# Summary

This notebook will train a DL model using PyTorch.  

The dataset is the same example as before, the california housing dataset from sklearn.

In [1]:
# imports
import numpy as np
from sklearn.datasets import fetch_california_housing
from sklearn.metrics import r2_score
from sklearn.model_selection import train_test_split
import torch
from torch import nn
from torch.utils.data import Dataset
from torch.utils.data import DataLoader
from typing import Tuple

# Dataset and Dataloader

PyTorch provides Dataset and DataLoader.  These classes help to decouple the dataset from the model training code.  

Create a Dataset and DataLoader using the published interface so that we can cleanly supply the california housing data to a pytorch model.  

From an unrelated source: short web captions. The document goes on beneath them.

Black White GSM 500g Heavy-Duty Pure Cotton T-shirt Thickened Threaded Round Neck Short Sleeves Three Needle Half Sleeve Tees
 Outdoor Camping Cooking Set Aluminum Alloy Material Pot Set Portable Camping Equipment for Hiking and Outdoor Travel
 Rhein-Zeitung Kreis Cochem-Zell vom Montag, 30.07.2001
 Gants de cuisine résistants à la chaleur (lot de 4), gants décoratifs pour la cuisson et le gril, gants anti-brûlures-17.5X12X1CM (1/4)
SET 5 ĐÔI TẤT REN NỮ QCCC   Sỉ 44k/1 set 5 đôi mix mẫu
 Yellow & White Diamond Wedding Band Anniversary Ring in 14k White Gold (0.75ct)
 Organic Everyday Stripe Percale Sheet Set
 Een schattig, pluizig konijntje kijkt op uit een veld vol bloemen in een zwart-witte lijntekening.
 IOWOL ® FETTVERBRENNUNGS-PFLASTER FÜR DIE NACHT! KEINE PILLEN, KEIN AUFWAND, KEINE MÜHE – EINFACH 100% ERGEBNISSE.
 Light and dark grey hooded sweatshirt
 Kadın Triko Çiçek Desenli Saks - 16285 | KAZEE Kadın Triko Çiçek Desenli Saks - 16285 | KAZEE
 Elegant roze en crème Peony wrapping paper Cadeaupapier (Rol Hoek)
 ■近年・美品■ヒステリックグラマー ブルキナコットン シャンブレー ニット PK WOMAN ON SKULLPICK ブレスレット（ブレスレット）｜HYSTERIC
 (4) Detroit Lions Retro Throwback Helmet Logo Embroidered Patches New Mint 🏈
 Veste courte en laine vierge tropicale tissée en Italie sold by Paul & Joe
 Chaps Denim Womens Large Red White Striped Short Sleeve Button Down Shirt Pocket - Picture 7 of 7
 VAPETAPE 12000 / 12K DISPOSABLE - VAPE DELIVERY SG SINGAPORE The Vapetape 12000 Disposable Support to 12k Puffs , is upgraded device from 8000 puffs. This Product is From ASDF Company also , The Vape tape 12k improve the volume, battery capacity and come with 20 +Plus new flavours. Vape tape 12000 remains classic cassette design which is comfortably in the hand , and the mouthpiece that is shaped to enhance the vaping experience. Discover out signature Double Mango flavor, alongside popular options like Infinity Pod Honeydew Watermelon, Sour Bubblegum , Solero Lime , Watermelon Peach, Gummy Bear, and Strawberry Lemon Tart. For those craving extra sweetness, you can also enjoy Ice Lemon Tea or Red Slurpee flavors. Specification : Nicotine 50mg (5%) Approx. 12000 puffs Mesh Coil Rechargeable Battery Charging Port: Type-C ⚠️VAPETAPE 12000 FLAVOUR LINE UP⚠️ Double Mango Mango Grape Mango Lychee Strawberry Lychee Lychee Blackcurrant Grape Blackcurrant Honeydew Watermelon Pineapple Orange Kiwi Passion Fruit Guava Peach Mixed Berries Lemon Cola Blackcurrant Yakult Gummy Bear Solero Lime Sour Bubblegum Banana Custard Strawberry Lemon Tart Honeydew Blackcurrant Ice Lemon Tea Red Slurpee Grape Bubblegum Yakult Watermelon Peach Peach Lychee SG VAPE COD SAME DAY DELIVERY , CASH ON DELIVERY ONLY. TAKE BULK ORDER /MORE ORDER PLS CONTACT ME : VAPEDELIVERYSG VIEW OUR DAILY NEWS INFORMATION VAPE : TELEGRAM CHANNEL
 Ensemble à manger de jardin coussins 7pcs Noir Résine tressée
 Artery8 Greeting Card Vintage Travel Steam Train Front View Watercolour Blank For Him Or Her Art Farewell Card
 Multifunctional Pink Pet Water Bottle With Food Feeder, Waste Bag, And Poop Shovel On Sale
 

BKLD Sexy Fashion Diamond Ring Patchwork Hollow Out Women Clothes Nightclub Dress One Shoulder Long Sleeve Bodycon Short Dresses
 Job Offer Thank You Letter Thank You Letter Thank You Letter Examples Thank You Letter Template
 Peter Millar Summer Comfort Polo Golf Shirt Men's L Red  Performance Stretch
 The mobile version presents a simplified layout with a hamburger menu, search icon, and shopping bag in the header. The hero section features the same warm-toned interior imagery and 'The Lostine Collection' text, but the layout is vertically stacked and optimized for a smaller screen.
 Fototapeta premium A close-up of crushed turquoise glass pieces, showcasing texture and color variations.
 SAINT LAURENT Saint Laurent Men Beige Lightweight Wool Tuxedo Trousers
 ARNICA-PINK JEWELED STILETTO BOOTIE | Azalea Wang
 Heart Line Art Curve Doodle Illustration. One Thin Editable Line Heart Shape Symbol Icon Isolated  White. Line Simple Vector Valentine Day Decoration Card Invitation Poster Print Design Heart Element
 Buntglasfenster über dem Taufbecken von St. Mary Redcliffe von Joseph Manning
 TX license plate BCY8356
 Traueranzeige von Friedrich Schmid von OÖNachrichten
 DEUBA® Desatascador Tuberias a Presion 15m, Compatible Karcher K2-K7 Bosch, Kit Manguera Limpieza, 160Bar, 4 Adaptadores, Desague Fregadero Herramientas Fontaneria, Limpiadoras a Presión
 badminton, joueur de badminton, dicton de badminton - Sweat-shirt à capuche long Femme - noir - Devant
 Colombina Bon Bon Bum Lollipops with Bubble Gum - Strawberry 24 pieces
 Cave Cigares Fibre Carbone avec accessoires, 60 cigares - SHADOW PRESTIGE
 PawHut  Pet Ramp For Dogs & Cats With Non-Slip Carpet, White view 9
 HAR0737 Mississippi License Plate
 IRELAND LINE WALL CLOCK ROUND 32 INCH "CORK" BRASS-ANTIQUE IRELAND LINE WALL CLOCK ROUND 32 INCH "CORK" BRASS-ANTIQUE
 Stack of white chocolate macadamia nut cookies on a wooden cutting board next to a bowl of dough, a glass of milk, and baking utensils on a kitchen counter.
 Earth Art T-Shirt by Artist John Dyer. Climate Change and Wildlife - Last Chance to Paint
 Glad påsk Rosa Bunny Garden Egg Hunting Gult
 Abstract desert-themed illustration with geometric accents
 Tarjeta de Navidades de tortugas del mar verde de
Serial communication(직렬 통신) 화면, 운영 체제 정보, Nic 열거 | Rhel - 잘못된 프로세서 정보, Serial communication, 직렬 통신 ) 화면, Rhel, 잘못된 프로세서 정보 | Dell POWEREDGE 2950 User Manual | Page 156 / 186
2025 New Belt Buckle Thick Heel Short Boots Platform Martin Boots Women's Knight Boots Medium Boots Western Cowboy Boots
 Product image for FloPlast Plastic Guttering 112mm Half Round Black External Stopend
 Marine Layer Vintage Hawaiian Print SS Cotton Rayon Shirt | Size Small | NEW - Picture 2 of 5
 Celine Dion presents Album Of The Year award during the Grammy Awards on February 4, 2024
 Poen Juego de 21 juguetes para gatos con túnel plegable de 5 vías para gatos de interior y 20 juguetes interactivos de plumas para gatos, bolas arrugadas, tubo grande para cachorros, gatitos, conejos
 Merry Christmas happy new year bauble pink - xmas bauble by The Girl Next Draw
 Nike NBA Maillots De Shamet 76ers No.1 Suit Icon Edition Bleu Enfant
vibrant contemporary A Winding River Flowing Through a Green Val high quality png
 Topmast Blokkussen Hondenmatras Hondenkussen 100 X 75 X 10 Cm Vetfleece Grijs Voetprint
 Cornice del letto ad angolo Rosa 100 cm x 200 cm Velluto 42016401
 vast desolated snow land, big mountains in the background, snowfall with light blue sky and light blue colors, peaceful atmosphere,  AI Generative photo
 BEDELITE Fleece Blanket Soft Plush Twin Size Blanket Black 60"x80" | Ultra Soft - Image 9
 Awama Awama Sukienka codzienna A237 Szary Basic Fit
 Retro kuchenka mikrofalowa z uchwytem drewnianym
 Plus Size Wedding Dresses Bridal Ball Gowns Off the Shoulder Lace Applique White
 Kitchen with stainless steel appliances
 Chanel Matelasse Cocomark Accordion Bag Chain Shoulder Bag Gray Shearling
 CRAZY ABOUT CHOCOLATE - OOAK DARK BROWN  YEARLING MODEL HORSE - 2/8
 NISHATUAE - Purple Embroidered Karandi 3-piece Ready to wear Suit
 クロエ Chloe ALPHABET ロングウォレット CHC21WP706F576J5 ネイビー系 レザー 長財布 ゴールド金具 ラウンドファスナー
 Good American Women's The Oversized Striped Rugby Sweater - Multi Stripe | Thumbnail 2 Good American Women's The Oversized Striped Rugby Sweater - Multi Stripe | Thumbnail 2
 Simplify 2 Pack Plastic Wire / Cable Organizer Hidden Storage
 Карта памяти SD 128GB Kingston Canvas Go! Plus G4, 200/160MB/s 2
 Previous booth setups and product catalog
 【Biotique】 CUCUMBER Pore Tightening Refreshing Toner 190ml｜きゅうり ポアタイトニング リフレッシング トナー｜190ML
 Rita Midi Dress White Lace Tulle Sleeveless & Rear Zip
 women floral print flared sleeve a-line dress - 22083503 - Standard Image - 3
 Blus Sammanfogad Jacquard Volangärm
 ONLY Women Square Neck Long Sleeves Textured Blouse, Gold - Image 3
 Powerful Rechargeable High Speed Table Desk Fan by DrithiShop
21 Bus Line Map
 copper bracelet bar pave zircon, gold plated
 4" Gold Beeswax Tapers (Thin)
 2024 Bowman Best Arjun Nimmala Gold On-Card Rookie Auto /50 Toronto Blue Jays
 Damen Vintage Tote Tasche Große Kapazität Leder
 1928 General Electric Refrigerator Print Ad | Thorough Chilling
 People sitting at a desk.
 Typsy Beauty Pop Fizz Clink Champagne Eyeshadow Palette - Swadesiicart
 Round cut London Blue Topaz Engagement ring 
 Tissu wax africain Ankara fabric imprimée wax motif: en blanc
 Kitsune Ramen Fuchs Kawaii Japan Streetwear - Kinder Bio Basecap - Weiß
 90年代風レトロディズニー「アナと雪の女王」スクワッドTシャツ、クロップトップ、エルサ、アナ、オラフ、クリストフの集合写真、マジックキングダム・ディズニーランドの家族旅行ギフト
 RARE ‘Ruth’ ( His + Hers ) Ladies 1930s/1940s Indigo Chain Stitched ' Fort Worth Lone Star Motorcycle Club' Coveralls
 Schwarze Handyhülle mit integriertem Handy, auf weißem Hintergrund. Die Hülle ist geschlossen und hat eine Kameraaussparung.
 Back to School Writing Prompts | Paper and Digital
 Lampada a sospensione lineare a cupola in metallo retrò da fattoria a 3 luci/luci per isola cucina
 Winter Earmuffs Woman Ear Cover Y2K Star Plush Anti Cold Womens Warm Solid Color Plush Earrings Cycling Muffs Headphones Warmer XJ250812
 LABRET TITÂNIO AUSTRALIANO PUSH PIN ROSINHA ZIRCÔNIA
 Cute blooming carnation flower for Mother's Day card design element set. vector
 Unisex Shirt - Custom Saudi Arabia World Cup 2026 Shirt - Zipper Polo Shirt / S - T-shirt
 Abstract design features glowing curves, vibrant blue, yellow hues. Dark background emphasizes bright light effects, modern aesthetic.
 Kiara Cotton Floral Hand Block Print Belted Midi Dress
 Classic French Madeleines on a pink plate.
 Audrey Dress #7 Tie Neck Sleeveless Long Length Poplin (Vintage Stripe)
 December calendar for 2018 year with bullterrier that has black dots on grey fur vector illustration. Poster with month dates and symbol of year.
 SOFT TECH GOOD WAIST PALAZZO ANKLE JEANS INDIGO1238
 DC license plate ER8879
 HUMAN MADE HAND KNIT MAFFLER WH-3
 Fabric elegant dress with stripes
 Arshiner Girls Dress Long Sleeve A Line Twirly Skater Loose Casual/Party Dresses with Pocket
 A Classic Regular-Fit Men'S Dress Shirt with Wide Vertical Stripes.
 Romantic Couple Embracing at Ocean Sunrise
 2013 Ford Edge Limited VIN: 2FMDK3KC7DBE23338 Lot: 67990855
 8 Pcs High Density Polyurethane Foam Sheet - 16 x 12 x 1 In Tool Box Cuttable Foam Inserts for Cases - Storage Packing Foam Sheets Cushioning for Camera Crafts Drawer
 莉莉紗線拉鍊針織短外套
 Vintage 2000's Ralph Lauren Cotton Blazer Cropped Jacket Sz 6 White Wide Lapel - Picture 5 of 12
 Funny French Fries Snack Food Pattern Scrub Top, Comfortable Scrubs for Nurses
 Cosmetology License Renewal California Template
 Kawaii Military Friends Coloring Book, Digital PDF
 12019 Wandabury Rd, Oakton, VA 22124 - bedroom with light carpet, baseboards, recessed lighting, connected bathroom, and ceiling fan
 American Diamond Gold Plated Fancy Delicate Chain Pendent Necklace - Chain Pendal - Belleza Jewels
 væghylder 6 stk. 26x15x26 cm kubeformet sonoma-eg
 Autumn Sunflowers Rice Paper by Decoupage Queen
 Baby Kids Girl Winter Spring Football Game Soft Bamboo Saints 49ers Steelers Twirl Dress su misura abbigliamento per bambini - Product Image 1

Create a train/test set as before and corresponding PyTorch Datasets.

In [2]:
housing = fetch_california_housing()

In [3]:
x_train, x_test, y_train, y_test = train_test_split(housing.data,
                                                    housing.target,
                                                    test_size=0.1,
                                                    random_state=66)

In [4]:
# reshape y values to add a column dimension
y_train = y_train.reshape(-1,1)
y_test = y_test.reshape(-1,1)

Standardizing the train and test data is essential and helps the model converge faster and find a lower mimimum for the loss.  It is a common misconception that neural networks do not need standardized numeric data, or at least do not benefit as much as a statistical model.  

In [5]:
# standardize x values to assist in convergence
# Compute mean and standard deviation
mean = np.mean(x_train, axis=0)
std = np.std(x_train, axis=0)

# Perform standardization
# When standardizing the test set it is important to use the training set mean/std  
#  otherwise information about your test data will bleed into your evaluation.
x_train = (x_train - mean) / std
x_test = (x_test - mean) / std

To create a custom Dataset class, implement the interface provided by torch.utils.data.Dataset.  This includes functions __init__, __len__, __getitem__

In [6]:
class CaliforniaHousingDataset(Dataset):

    def __init__(self, x, y):
        self.x = torch.tensor(data=x,
                              dtype=torch.float32)
        self.y = torch.tensor(data=y,
                              dtype=torch.float32)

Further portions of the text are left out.